■ **Work to be completed**
Using the data below, reproduce exactly the lines from the line with "Close-up of Pluto" to the line with "A sand-colored crewneck", both included; pictures must be dropped.

■ **Information provided**

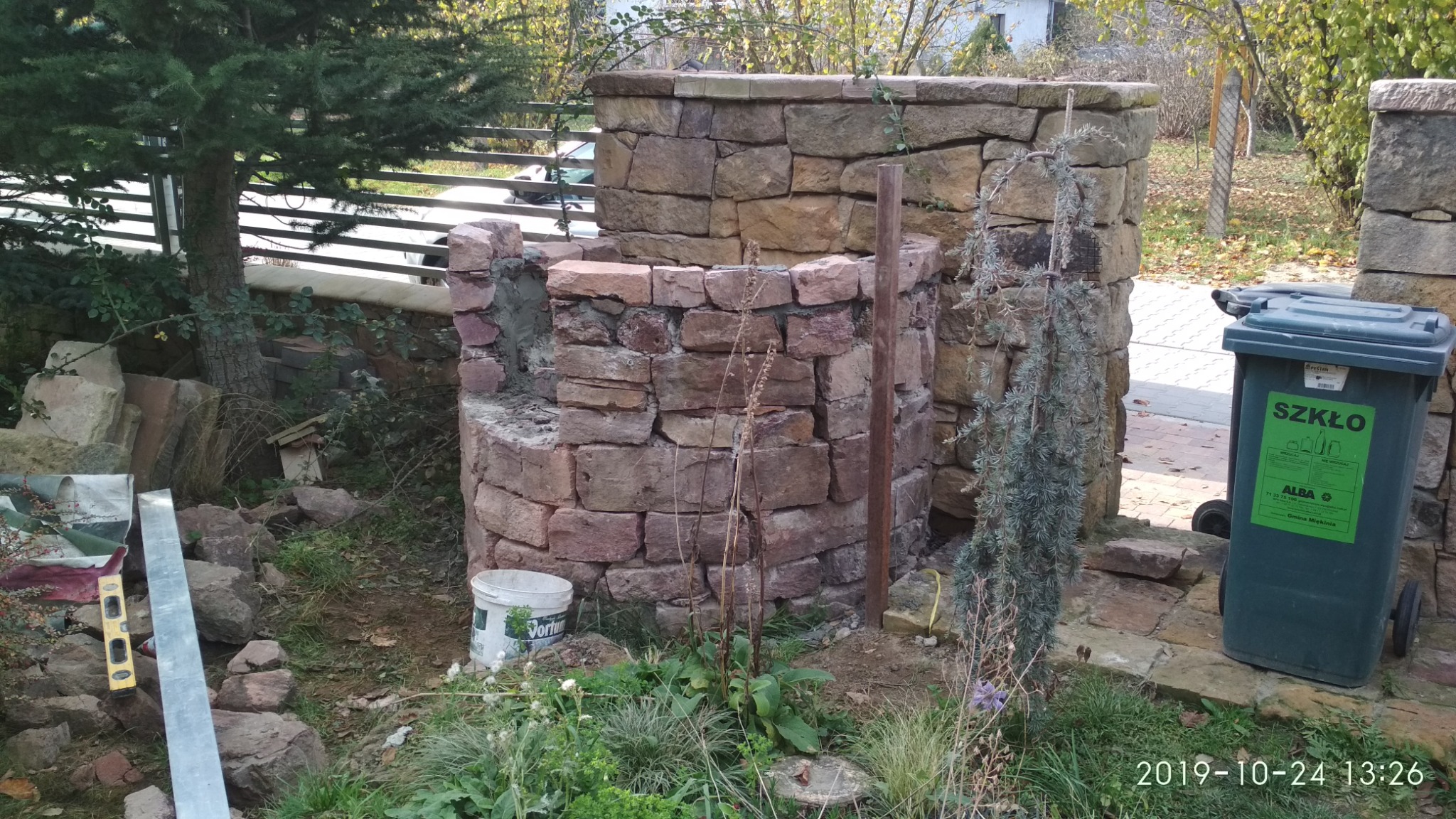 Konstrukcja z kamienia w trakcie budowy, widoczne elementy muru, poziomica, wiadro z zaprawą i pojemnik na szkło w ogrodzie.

* * *

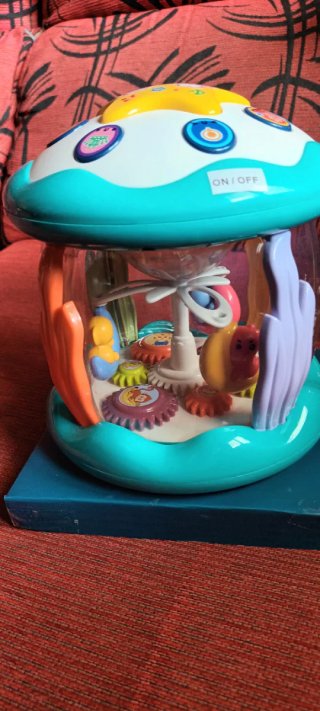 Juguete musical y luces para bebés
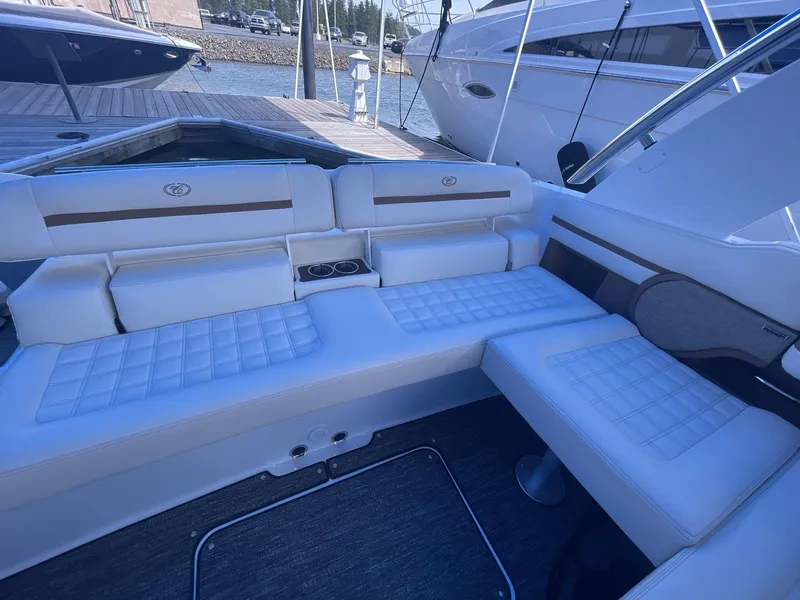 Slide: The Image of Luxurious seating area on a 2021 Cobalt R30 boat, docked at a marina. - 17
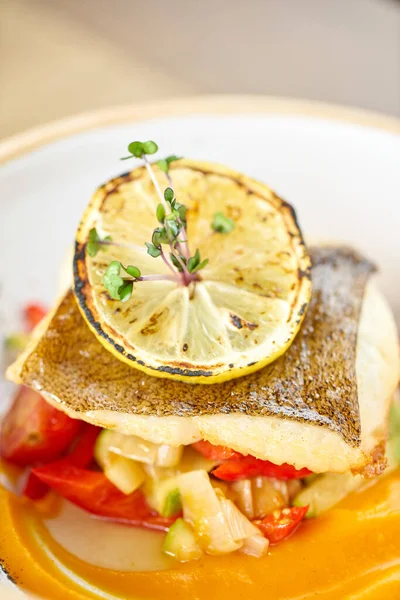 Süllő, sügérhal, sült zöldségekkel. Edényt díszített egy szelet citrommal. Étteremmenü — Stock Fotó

* * *

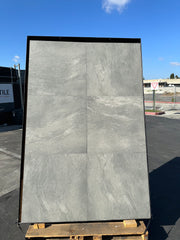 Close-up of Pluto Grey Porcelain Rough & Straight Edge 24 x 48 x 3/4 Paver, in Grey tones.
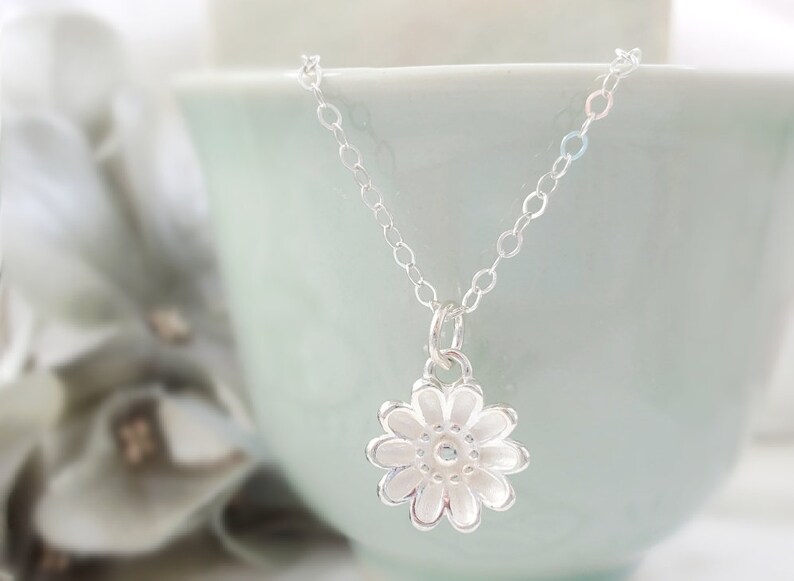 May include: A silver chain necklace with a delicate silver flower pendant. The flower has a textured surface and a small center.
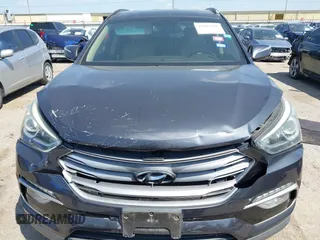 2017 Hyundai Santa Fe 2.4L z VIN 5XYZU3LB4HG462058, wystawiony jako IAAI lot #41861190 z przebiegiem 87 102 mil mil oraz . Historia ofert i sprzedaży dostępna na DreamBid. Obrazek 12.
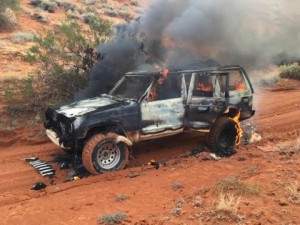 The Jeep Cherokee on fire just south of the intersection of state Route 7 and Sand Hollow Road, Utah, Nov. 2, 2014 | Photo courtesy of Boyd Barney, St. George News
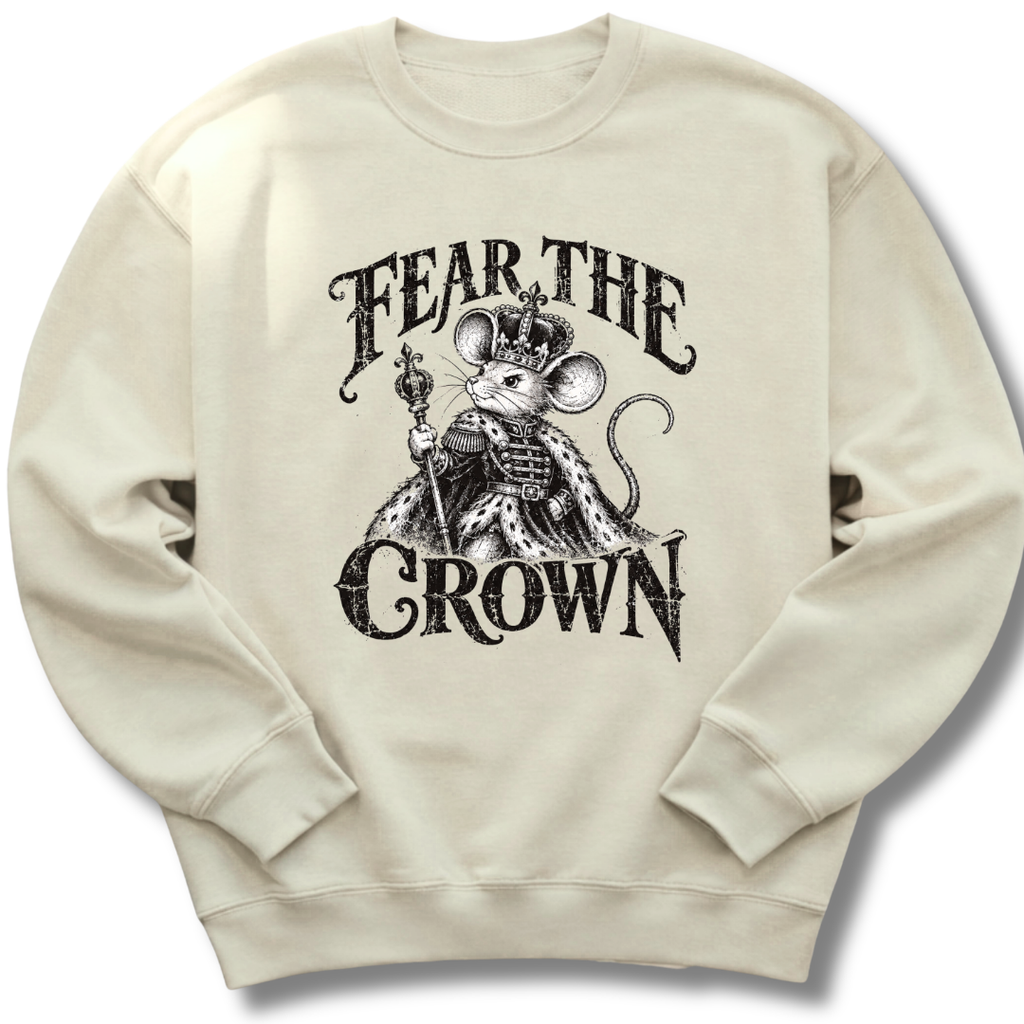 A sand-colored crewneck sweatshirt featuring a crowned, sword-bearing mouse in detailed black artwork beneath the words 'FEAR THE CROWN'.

■ **Answer to the problem**
 Close-up of Pluto Grey Porcelain Rough & Straight Edge 24 x 48 x 3/4 Paver, in Grey tones.
 May include: A silver chain necklace with a delicate silver flower pendant. The flower has a textured surface and a small center.
 2017 Hyundai Santa Fe 2.4L z VIN 5XYZU3LB4HG462058, wystawiony jako IAAI lot #41861190 z przebiegiem 87 102 mil mil oraz . Historia ofert i sprzedaży dostępna na DreamBid. Obrazek 12.
 The Jeep Cherokee on fire just south of the intersection of state Route 7 and Sand Hollow Road, Utah, Nov. 2, 2014 | Photo courtesy of Boyd Barney, St. George News
 A sand-colored crewneck sweatshirt featuring a crowned, sword-bearing mouse in detailed black artwork beneath the words 'FEAR THE CROWN'.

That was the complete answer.